— LISTED ENTRIES —
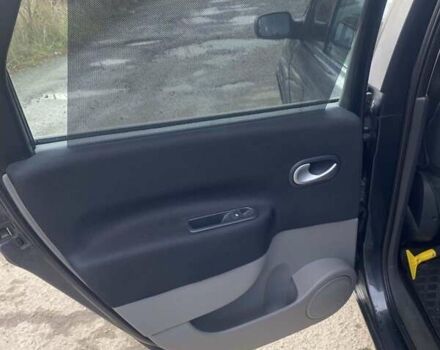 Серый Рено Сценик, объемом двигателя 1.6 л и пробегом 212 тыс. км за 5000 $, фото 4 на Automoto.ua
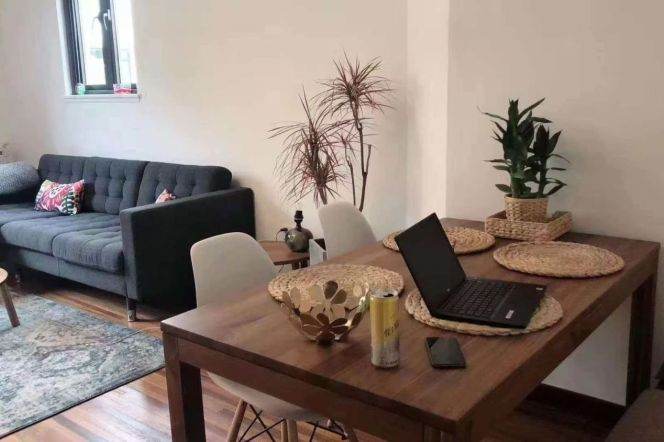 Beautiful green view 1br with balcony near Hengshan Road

---

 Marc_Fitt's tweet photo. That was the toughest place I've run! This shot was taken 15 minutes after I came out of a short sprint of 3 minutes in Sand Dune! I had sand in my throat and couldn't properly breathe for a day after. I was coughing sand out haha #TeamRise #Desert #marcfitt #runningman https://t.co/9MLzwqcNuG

— EXERCISE PROMPT —
Above are some records. Reproduce the lines from the one with "Серый Рено Сценик, объемом" down to the one with "Beautiful green view", keeping both, and leave every picture out.

— EXERCISE RESULT —
 Серый Рено Сценик, объемом двигателя 1.6 л и пробегом 212 тыс. км за 5000 $, фото 4 на Automoto.ua
 Beautiful green view 1br with balcony near Hengshan Road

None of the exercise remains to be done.